We were laughing at the way the thing pronounced our founder's name one day at lunch. See the patent and use your imagination and you can figure out for yourself what the joke was. I said to my team, "we need to allow the user to add stuff to the exceptions dictionary." So we kicked around a few ideas. I thought about how you would architect it, and that afternoon I spec'd out a rough requirements document for it. It was almost a joke, because we knew our boss would never approve of building anything useful, and certainly nothing proposed by an engineer. We weren't in marketing. All product ideas have to come from marketing. That's the way corporations work. And marketing could not wrap their heads around this one.
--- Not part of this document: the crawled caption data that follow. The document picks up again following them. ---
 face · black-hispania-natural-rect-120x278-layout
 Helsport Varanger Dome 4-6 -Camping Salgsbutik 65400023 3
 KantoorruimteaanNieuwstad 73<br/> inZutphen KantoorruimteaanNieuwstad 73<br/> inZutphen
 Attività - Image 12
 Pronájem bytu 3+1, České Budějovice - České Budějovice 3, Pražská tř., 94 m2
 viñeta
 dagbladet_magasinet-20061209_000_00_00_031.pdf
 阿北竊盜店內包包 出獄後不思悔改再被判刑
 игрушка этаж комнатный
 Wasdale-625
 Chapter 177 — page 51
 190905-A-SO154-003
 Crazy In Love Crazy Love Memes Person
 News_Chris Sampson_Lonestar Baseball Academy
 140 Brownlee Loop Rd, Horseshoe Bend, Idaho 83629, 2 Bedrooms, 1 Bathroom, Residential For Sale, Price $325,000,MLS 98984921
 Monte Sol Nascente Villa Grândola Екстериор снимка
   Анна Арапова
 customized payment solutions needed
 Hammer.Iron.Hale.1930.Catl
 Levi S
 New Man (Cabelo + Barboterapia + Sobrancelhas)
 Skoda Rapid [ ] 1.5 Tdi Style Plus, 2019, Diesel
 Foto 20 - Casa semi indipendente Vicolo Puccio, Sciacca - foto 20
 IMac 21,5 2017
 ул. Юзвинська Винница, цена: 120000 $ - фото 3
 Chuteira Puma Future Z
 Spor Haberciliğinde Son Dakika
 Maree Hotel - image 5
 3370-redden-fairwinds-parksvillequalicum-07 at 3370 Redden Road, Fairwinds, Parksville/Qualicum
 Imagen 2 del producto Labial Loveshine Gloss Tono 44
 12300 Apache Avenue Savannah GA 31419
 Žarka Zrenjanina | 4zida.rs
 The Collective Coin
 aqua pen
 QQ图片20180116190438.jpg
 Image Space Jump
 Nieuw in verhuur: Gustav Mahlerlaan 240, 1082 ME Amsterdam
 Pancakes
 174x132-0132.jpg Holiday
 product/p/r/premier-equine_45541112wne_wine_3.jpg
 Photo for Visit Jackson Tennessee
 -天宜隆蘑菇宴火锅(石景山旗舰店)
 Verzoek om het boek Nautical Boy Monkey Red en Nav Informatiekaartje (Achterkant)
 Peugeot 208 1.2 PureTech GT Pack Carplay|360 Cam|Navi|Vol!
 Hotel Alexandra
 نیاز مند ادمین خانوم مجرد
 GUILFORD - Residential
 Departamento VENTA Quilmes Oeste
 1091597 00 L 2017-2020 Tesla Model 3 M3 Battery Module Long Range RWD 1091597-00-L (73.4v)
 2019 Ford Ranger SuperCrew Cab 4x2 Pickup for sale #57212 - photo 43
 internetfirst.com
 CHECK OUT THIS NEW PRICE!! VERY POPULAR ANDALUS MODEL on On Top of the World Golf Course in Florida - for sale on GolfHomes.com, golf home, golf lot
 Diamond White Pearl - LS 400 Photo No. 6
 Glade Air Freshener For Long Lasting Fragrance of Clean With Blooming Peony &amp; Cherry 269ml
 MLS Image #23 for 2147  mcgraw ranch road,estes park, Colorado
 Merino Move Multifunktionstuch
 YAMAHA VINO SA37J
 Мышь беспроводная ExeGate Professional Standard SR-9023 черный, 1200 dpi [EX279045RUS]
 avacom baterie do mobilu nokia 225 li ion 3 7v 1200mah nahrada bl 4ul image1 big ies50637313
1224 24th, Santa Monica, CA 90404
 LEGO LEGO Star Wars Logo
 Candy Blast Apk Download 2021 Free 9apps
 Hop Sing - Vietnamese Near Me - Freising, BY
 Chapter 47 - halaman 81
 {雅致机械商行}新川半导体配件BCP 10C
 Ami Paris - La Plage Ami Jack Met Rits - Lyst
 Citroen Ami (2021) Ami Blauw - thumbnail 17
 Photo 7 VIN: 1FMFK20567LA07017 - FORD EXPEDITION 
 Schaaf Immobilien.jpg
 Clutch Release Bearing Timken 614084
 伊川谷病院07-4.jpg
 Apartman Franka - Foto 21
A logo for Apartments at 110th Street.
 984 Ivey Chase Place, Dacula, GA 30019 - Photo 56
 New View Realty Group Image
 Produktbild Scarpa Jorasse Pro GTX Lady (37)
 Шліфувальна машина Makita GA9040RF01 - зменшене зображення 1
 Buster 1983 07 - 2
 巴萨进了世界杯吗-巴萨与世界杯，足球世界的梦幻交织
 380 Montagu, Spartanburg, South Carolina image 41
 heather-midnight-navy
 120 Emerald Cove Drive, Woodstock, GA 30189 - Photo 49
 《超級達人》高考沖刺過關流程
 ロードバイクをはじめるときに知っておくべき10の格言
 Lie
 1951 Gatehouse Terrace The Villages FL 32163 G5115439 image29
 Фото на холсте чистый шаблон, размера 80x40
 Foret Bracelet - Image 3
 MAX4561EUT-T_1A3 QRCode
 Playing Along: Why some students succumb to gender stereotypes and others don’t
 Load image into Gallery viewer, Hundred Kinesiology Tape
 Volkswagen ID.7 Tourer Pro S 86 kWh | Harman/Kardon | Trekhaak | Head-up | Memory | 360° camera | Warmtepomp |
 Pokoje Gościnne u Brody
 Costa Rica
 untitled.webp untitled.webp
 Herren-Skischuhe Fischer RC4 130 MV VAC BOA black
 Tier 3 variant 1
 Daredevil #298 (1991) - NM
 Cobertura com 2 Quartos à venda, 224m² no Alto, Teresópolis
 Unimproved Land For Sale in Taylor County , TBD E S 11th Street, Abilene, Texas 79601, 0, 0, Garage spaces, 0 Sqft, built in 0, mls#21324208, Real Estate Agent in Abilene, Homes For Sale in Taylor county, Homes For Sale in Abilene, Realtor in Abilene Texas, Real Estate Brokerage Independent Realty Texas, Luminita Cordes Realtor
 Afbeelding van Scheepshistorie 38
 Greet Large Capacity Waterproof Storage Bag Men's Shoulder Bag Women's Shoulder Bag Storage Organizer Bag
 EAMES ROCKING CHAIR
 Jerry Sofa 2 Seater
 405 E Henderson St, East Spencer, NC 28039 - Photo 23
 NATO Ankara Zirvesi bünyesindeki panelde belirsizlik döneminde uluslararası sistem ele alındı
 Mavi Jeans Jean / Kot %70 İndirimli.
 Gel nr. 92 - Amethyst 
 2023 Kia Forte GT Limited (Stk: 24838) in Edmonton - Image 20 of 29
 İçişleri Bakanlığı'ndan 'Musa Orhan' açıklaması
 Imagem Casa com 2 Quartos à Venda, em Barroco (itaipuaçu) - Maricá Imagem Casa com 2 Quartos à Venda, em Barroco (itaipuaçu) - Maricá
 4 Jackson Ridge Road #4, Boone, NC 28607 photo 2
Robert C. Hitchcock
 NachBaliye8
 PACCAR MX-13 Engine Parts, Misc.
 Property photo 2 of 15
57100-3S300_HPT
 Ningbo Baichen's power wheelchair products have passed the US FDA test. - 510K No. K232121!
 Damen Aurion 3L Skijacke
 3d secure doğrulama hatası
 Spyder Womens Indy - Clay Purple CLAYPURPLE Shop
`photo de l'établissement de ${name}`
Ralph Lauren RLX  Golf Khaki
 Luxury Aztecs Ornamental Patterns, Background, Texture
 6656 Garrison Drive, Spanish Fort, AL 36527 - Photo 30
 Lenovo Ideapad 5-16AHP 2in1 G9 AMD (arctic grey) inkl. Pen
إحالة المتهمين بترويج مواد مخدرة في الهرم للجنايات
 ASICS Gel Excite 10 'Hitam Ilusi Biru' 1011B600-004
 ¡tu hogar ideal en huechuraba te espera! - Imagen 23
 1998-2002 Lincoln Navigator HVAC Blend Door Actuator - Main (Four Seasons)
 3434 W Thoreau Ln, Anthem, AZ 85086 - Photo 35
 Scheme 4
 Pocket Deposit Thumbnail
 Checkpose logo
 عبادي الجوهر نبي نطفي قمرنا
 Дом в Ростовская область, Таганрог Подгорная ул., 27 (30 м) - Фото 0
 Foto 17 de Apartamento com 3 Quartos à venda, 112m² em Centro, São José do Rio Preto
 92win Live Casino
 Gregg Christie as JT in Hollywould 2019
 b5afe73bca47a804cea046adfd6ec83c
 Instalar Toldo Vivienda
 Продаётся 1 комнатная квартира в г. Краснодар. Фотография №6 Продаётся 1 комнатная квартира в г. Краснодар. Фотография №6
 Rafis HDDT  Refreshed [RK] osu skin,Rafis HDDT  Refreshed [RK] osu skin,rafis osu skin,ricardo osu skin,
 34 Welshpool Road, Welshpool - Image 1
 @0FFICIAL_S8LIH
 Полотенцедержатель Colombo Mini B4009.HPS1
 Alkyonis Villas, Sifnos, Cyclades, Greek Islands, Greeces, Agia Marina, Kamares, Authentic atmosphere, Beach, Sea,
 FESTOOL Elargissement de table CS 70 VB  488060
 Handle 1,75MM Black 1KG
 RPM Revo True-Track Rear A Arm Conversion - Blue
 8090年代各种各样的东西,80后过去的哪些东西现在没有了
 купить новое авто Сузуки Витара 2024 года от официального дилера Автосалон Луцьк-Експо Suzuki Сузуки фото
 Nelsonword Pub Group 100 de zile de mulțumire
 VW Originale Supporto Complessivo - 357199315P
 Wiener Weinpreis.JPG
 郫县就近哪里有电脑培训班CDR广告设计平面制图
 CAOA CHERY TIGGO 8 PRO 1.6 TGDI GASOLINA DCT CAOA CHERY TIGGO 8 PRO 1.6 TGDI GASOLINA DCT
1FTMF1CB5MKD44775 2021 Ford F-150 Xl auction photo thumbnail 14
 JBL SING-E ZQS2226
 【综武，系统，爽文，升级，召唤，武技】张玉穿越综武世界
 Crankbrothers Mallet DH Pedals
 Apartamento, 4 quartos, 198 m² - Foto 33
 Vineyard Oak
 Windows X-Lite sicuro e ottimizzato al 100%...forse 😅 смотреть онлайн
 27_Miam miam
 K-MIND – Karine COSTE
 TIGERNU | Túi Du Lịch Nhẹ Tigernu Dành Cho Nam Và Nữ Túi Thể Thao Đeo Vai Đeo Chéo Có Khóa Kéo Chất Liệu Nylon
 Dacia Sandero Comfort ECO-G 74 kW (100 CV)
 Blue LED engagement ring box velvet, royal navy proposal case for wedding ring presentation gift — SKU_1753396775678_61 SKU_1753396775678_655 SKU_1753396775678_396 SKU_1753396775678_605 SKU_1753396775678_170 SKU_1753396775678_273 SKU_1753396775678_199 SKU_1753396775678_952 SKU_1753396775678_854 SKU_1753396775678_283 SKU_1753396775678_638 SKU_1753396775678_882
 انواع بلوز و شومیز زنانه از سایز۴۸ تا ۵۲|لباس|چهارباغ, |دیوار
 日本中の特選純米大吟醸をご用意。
That specs document languished on the file server for nearly a year. Meanwhile I was off on maternity leave and had not been to work for two or three weeks. What I didn't expect was a Saturday morning phone call at home from one of the company patent attorneys. When a lawyer phones YOU before you've even sucked down your first Joe of the day your first thought is I deny everything! But he was all about the audio editor specification. He informed me that the company was seeking a patent on it, and as per my conditions of employment all monetary benefits from it would be assigned to my employer, but as the original inventor/designer I would get the honor of having my name on the patent, I remembered having written it, had no trouble digging up the theory of operation (because to me it was obvious) and thinking it might be a good idea. He asked permission to drive over to my house immediately and interview me. Sheesh maybe he thought somebody else was trying to patent the same thing to do it that quickly on a Saturday! It must have been about a 60 mile trip for him, but there he was about an hour later. There in my humble dining room with my little baby, he asked me a number of more detailed questions about how the program worked etc. Based on that he wrote up and submitted the patent in legalese as you see it now.

Well of course I asked someone from my team what was going on. My work mates informed me that this new manager had come onboard and started poking around and found my spec. Furthermore, this manager was championing my audio dictionary editor, had found someone in marketing to determine that there was a need for this functionality, and had already allocated several members of his team to work to productize it. I thought great, cool. Why does everyone seem to dislike this guy?

I soon found out. Apparently this ambitious new manager had initiated the patent process on my phonemic editor. He had proposed himself listed as the inventor but the attorney had smelled a rat. I'm guessing the manager was not answering the questions like the real inventor would. My buds told me the lawyer had been snooping around in the cubes and asking people questions about it. They just produced my original document for him. The name on the document and the time stamp clinched it.

It took months, but when the patent finally came through, the patent attorney took great pleasure in visiting Cubeville and hand delivering a copy to that manager's desk. Nobody told him that his name had been rubbed out and replaced by mine (hehehehe) I wish I'd seen the look on his face when he opened that! Not another word was ever said about it; I received no recognition for it in the company (monetary or other,) but it certainly dresses up my resume!